Практика по фольклору - страница 16
Разговор окончен и до вечера путники больше и словом не перемолвились. Иван лишь вздохнул еще раз, глядя на бодро качающийся над дорогой собачий хвост. Ну, а куда его теперь?.. И здесь нашего героя просто поставили перед фактом.
В Либряне, главном мастеровом центре страны, Иван Вичнюк бывал не единожды. И в городе этом, похожем на разрезанный поперек апельсин с главной площадью — сердцевиной и слободами-дольками, ориентировался вполне сносно. Хотя, не очень его жаловал — слишком тесный он и суетный, что ли. И люди здесь все сплошь одержимые — носятся с утра до вечера по своим бесконечно-важным делам и даже в тавернах ведут разговоры либо о себе, любимых и гениальных, либо о конкурентах, ненавистных и со всех сторон убогих. Следовательно: если ты на местной торгово-ремесленной «кухне» человек посторонний (без нужных «рецептов» в загашнике), то и побеседовать с тобой совершенно не о чем. Но, зато, какие на этой же почве в Либряне разборки — самый криминальный столичный район, Воробьиный мол, от зависти оптом протрезвеет. И Иван бы нисколько не удивился, увидев куполградских уголовных бойцов на уроках мастерства у каких-нибудь местных гончаров или парфюмеров. Но, это так, отступление от темы. Не к месту и не к ночи навеянное.
Потому что до своего нужного «места» наши путники, все же, дошли. Причем, в глубоких-глубоких сумерках (просто, слово «ночь» после предшествующего текста употреблять не хочется).
— Да мать же твою…
— Альма матер? — сразу на пару закончили они свои молчаливые обеты. А потом Фрош и вовсе расщедрился. — А чего мы вообще здесь забыли, перед этой дверью на замке?
Чего они здесь забыли?.. Единственную надежду студента обрести кров, еду и денег взаймы на дорогу. Вот чего они здесь забыли. Но, как теперь об этом подростку сказать? И Иван еще раз глянул на запертую на засов дверь. Потом на записку к ней пришпиленную: «Уехал в Мельск за сырьем. Буду 13 июня». И лишь после этого выдохнул и развернулся:
— Здесь живет мой знакомый — дядька друга. И я думал, мы у него сегодня…
— Он думал, — неумело сплюнул Фрош на тротуар. — Он думал. Ты еще и думать умеешь, мать твою?
— Чего?! — пораженно вскинул брови студент.
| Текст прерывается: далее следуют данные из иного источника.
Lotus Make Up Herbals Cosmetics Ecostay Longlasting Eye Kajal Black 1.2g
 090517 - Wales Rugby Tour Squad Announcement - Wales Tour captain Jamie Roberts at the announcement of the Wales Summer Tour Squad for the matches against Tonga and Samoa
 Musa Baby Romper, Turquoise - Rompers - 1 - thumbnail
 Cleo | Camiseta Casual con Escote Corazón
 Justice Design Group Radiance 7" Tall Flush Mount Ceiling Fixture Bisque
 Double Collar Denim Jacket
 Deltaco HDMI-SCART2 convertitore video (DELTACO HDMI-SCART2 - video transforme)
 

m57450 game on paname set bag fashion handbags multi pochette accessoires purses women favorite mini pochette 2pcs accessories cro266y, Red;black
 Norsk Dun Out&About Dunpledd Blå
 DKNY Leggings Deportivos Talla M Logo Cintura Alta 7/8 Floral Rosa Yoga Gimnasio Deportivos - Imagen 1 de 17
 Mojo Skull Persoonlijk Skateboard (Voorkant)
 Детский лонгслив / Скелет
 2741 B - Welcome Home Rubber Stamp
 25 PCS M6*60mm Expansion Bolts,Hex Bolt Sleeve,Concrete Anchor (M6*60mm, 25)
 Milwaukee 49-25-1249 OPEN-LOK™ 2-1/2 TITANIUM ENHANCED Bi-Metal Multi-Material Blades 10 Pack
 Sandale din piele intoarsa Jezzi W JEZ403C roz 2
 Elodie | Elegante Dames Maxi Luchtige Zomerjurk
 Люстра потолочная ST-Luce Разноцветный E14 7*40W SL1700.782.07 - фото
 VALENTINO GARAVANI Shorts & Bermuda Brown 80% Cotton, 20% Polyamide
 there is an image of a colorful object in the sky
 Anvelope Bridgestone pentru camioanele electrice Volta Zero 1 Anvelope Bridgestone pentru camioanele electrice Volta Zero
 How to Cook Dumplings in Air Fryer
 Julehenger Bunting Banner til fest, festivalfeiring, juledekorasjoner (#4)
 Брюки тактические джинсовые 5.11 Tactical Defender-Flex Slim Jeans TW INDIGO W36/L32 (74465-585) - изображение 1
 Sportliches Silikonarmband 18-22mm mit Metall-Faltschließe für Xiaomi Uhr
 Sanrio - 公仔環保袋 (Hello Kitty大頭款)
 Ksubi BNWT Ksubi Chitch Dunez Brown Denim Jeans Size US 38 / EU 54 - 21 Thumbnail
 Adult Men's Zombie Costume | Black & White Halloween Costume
— Хорошо, я повторю, — набрал воздуха в грудь подросток. — Ты вообще ни на что не способен. Надо же, главный он. Да ты главный лишь по проблемам. И собственным и чужим. Да если бы я знал, с кем связываюсь, то в колодце б своем заранее утопился. Что ты на меня уставился?
— Фрош, ты в себе?
— Я?.. — на миг замер пацан, будто соображая над ответом, но потом, с какой-то отчаянной решимостью, вновь попёр в бой. — Да мне надоело все! Ты меня злишь! Ты меня раздражаешь! Я тебя побить готов! — качнулся он и в доказательство толкнул Ивана ручонками в грудь. Парень сделал пару шагов назад и замер в полном отупении от происходящего. Фрош же, метнув на своего застывшего в стороне пса взгляд, продолжил атаку. — Ну, чего ты? — попытался он в этот раз боком наскочить на Ивана, но тот, уходя в сторону, развернулся спиной к улице. Фрош отчаянно взревел. — Чего ты?! Ну?! Ты даже драться не умеешь! Так и будешь бегать?! Ну?! — набычился малец, громко сопя. — Ну?
— Угомонись, слышишь? Я что-нибудь придумаю.
— Р-р-гаф! Гаф!
— Геша, заткнись! Я все равно это сделаю!
— Гаф! Гаф!
— Фрош, тебя даже собственный пес…
— Оба заткнитесь!
— Да ты точно рехнулся! Малолетний психопат! Я же тебе гово… — следующий выпад наш герой прозевал и, запнувшись задником ботинка об тротуарный бордюр, едва ухватился рукой за столб. Но, собственной массы удержать, все же, не смог. А дальше…
— А-а! Иван! Иван!!!
Правая, впряженная в крытый экипаж лошадь, перескочив обеими парами копыт через нашего героя, замерла на натянутом подпрыгнувшим с сиденья кучером поводе. И как раз вовремя, потому как от студента до переднего колеса остались лишь считанные дюймы… Иван, все еще лёжа на спине, сначала открыл глаза, потом их закрыл и громко выдохнул отборным столичным матом.
— Да хобья раскачель! Да шаромыжники, чтоб вас завернуть и в небеса! — через несколько секунд солидарно к нему присоединился, смахнувший на мостовую кучер.